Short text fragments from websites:

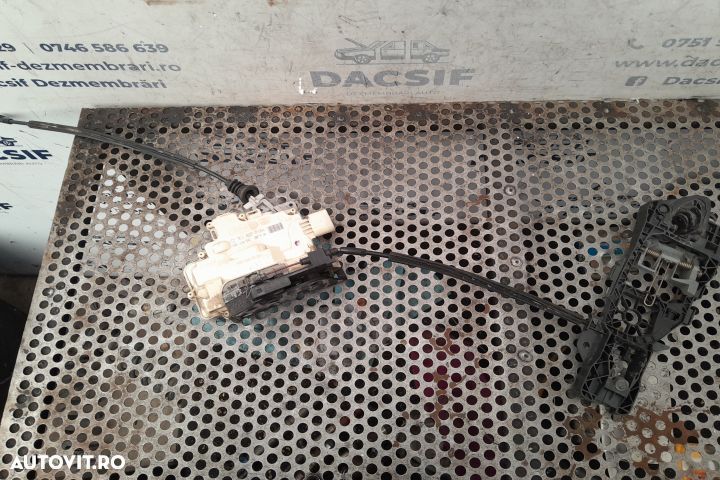 Broasca usa fata dreapta 3C1837016A Volkswagen VW Passat B6  [din 200 - 2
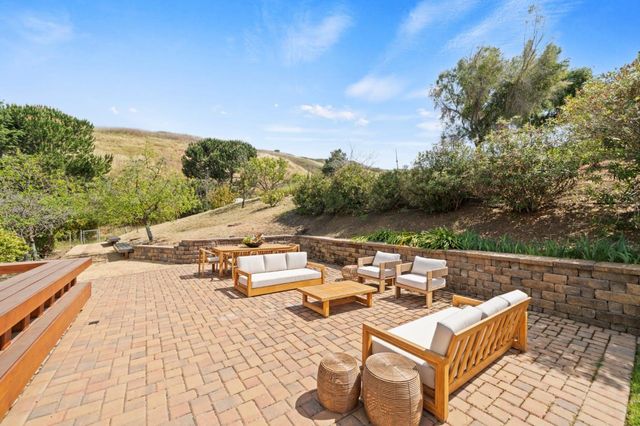 2698 Greenrock Road, Milpitas, CA 95035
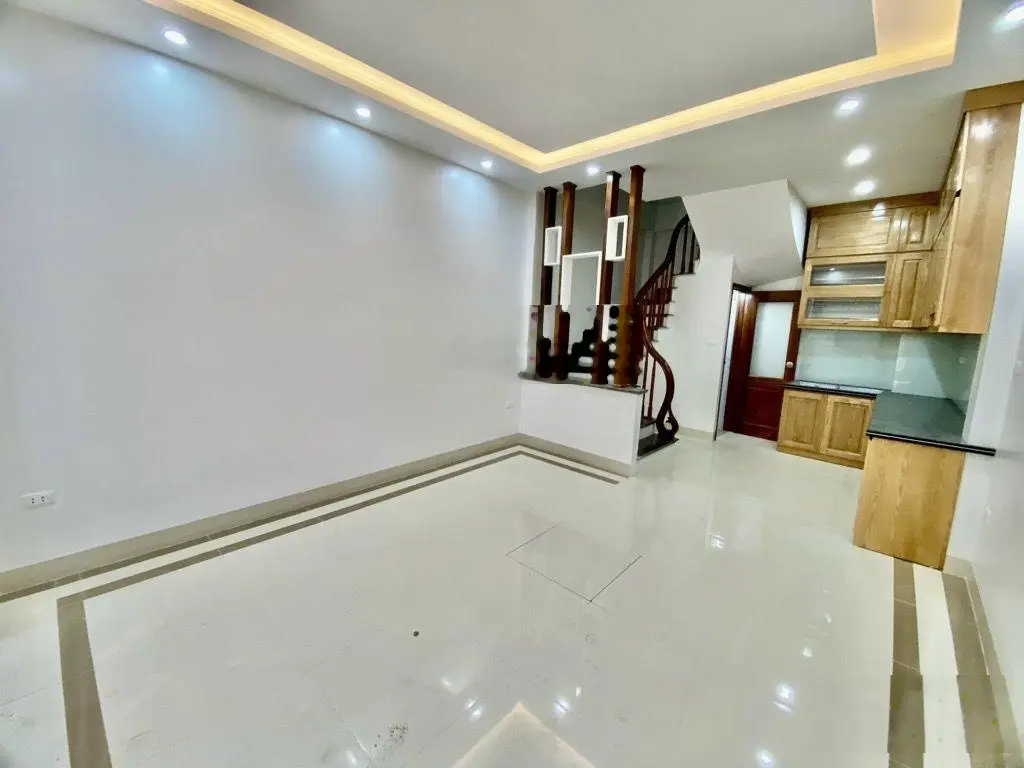 Bán nhà Nguyên Xá, Minh Khai, 5 tầng đủ công năng, giá nhỉnh 5 tỷ, gần đại học Công Nghiệp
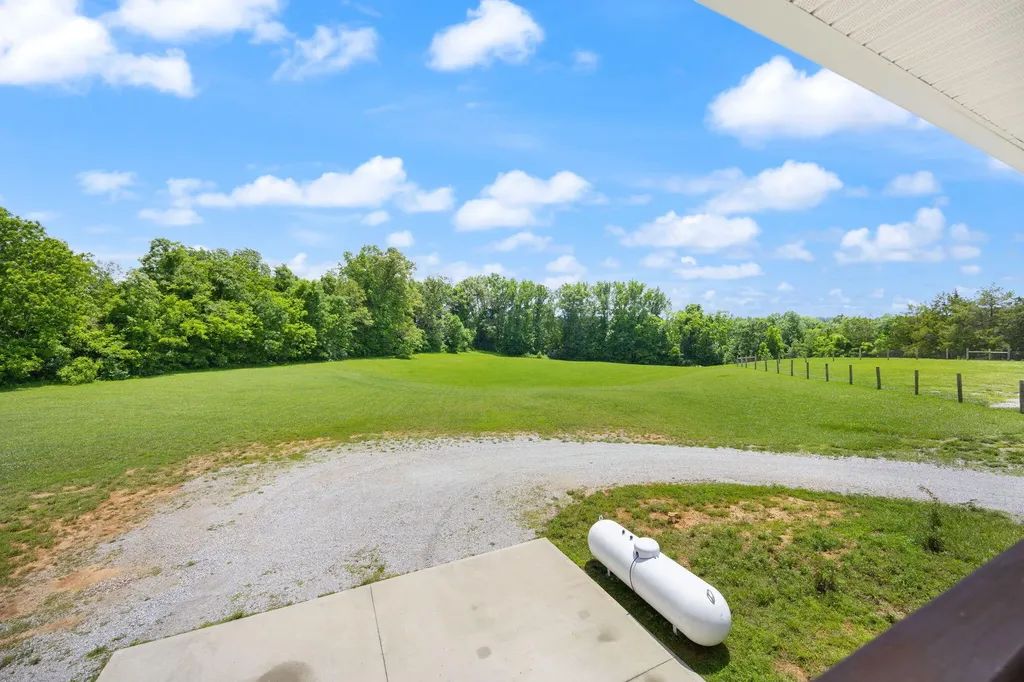 217 N Cave Springs Road Somerset KY 42503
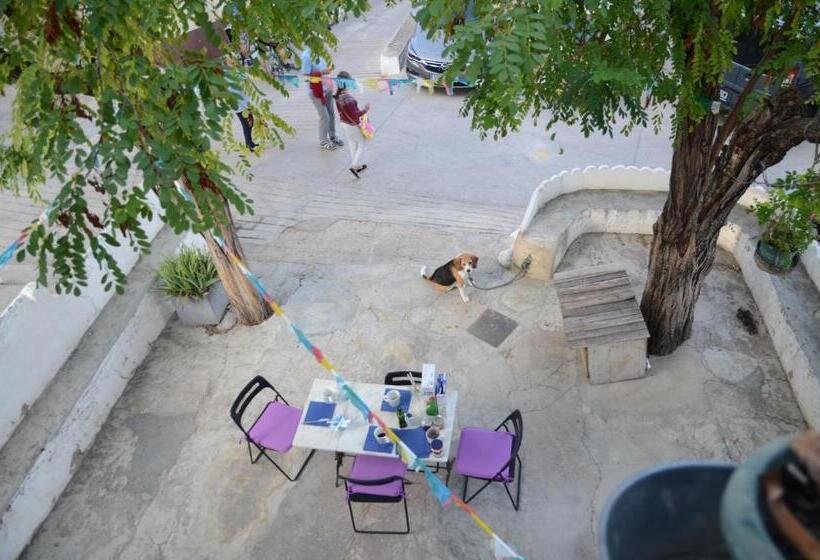 استودیوی استاندارد, La Maga Rooms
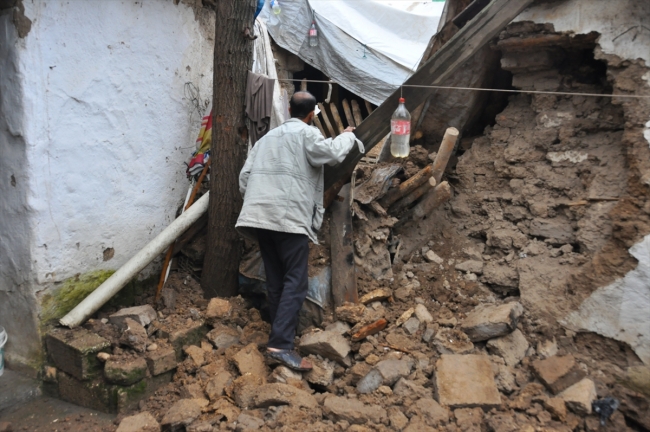 Adıyaman'da toprak evin damı çöktü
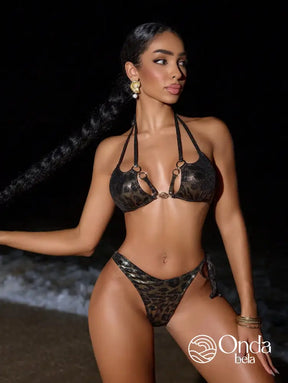 Biquíni Cortininha Com Tiras Duplas E Detalhe Metalizado Biquíni Cortininha Com Tiras Duplas E Detalhe Metalizado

What is being asked: The first line of the entries, the line containing "استودیوی استاندارد, La Maga Rooms", and every line between them are to be output exactly; pictures are not.

Output for this task:
 Broasca usa fata dreapta 3C1837016A Volkswagen VW Passat B6  [din 200 - 2
 2698 Greenrock Road, Milpitas, CA 95035
 Bán nhà Nguyên Xá, Minh Khai, 5 tầng đủ công năng, giá nhỉnh 5 tỷ, gần đại học Công Nghiệp
 217 N Cave Springs Road Somerset KY 42503
 استودیوی استاندارد, La Maga Rooms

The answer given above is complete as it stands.